Q: Have they asked for that kind of support?
Wolfowitz: They're very anxious to do it themselves. That's the sort of crucial standard for anything, if they would
ask for anything we would do for them, but they are very willing to take help within the framework of helping them to
help themselves and help us in the process.
Q: Is that a model for working with Indonesia, that same sort of --
Wolfowitz: I think it is the right model. I think we have some problems with Indonesia that we don't have with the
Philippines. For one thing we have a whole bunch of legislative restrictions on what we're allowed to do which I think
really need to be reviewed in the light of September 11th.
Q: Restricting mil-to-mil?
Wolfowitz: Yeah. But those restrictions are there because the Indonesian military has been guilty of abuses in the past
that we want to be very careful not to be associated with so it's tricky. But I think when it comes to trying to prevent
Christian/Muslim violence in Sulawesi we're talking about something where [an early] Indonesian military could be very
positive. Positive in the counter-terrorism sense, positive in the human rights sense, and positive for the stability of
--
Q: -- model in the broader sense of budding global terrorism, more al Qaeda or other terrorist networks elsewhere.
Obviously there are going to be different ways of how you carry this out. We're already seeing that.
Wolfowitz: Yeah. I'm hesitant about saying model because every case is different, but yes. I think model in the sense
that there are probably going to be many cases where the best thing we can do is to provide the training and equipment
and possibly some of the backup support from us to permit countries that really want to deal with terrorists, have the
will but lack the means, lack the ability, to take on the problem.
Q: Give them a chance to do it themselves but at a certain point going in, when they ask for the help we come in in a
more direct action, something like that? Is that how it would work?
Wolfowitz: I'm not sure. It could work that way. One could imagine cases where -- One could say in an extreme case we
gave the Taliban a chance to do the job themselves and they didn't do it. We went in and did it for them, if you like,
and did it to them at the same time. But I'm not being entirely facetious.
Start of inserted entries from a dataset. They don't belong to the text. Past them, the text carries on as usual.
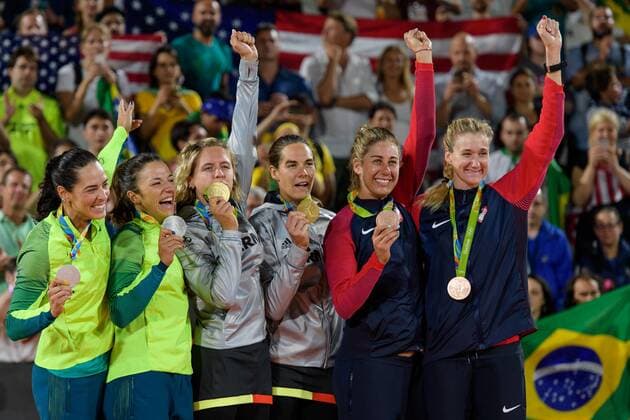 Rio 2016, Beachvolleyball, Damen, Ludwig und Walkenhorst sind Olympiasieger Kira Walkenhorst und Laura Ludwig (GER) mit B. Rippel Agatha und Barbara Seixas de Freitas (BRA - li) und Kerri Walsh Jennings und April Ross (USA) im Beachvolleyballl Finale bei den olympischen Sommerspiele 2016 am 17.08.2016, Rio de Janeiro Copyright: xSchülerx xEibner-Pressefotox EP_jse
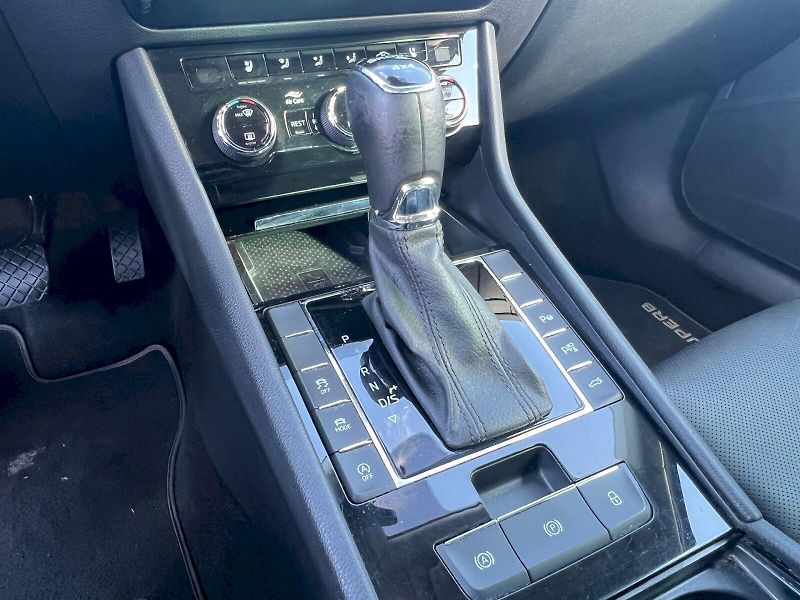 Škoda Superb (2023) L&K 2.0TDi 4x4 147kW 7°automat - fotka 31 z 31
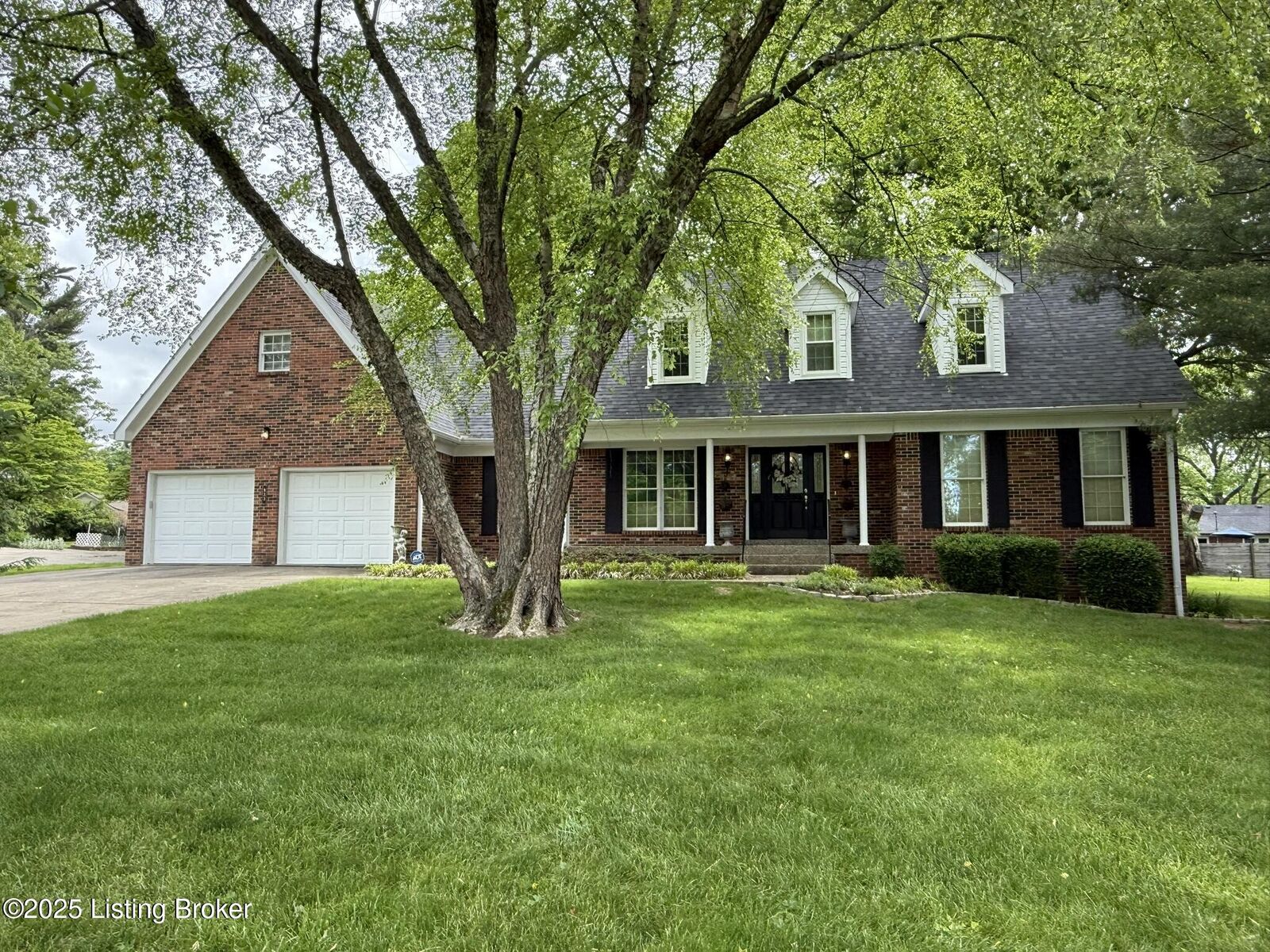 Property Photo:  933 Miller Ave  KY 40065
There the problem was severe enough and therefore the resources we could commit to it were big enough to make that a
very obvious option. If you take it the other extreme, I would want to think long and hard before I said to the
Indonesians that if you can't do the job we'll do it for you because it's such a big and disparate place, and it's not
-- if Indonesia became an al Qaeda base the way Afghanistan was, then we might have to think of it differently, but if
it's a matter of going after small pockets of individuals, you've got to think about what our resources are to police a
whole big country like that versus theirs. So clearly in that case the leverage really has to be placed on the side of
helping them do the job, because we really can't --
I suppose to start with your phrase about ungovernable territory, if we had to treat the whole world as ungovernable we
would literally be the world's policeman, and we're not going to be able to do that.
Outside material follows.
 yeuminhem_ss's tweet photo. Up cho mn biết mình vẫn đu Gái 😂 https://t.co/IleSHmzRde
Q: Do you sense that there is a will within Indonesia?
Wolfowitz: There's a will. Restricted to some extent by their own fear of what some of these groups could do to them, a
sort of fear of making themselves a target. Not in the sense of a fear of provoking a terrorist action, but fear of
stirring up more dangerous militant Muslim/Islamic sentiment in the country. I think that is a problem, and I think to
the extent they try to appease that sort of sentiment, my view is they're making a big mistake.
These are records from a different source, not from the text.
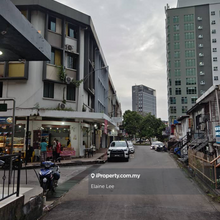 4 Storey Shoplot Crowded Area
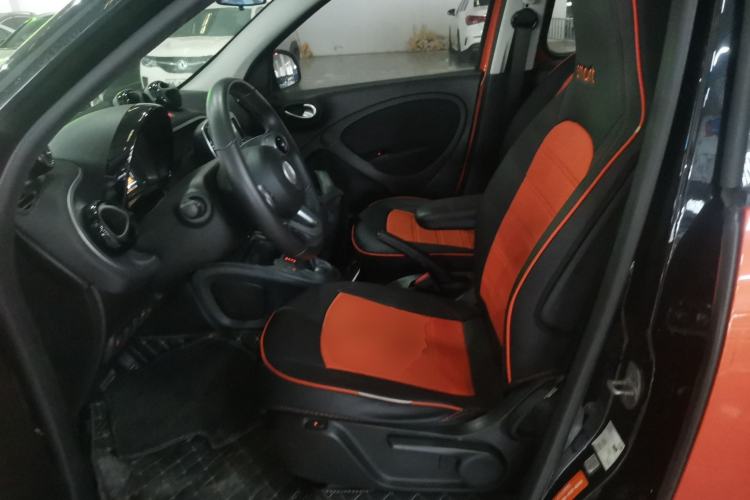 Used smart forfour 2018 0.9T 66 kW Pioneer Edition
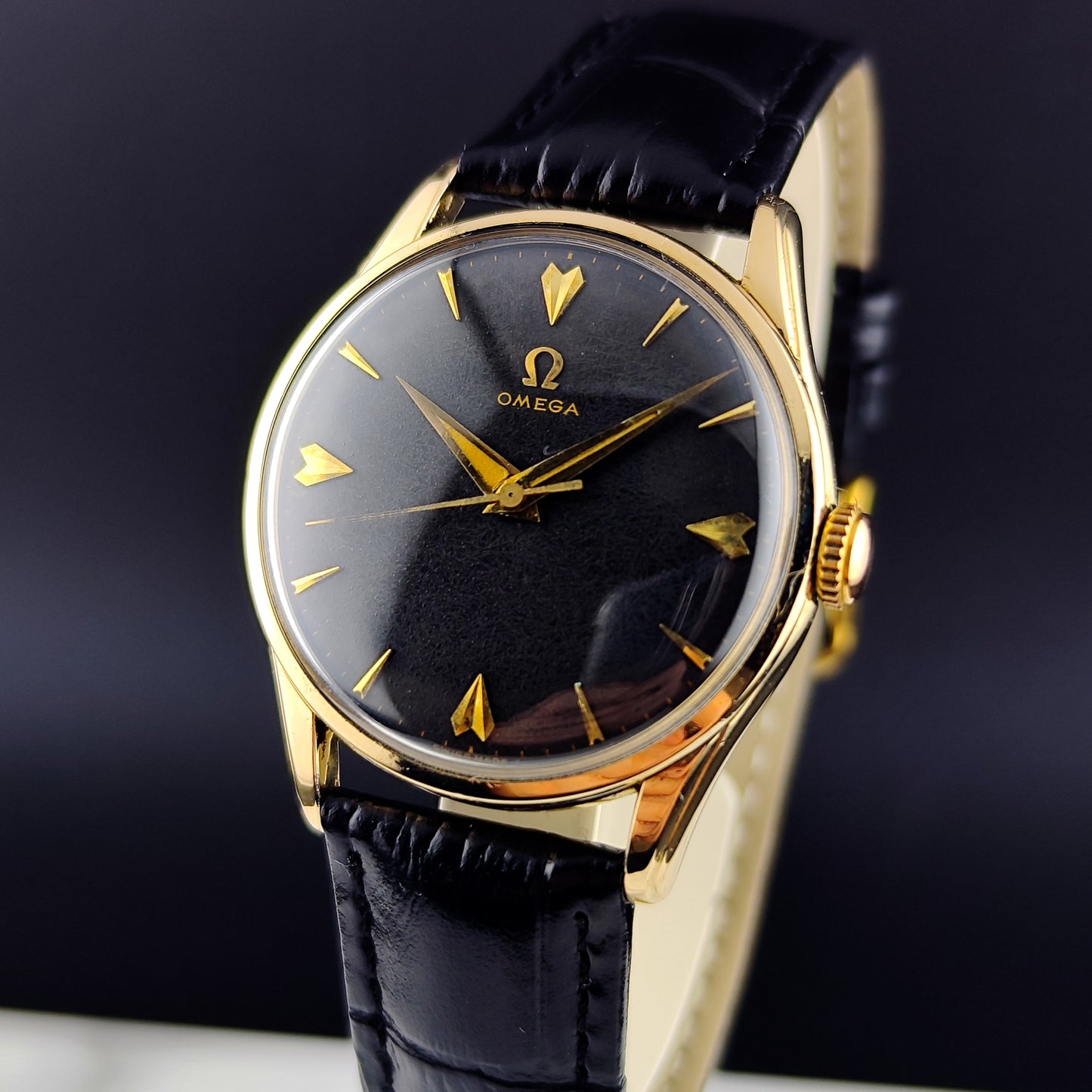 OMEGA Classic 80 Micron Gold Plated Black Dial 1958 [REF. 2905]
Q: Is that a problem in other countries? That syndrome of government wanting to do it but worried about a backlash --
Wolfowitz: Well, Musharraf clearly has to worry about it. And I would say he's shown an impressive level of fortitude
in facing it down.
I think what we're seeing with respect to India is that where the issue is tied up with Kashmir which has a very, very
broad constituency in Pakistan obviously, it's more a more difficult problem to face it down although he's doing so, and
I would say he's doing an impressive job of it. But very definitely for him there are significant domestic dangers in
confronting the extremists because they have a following, and that's, I wouldn't say that's true in every Muslim
majority country, but it tends to happen.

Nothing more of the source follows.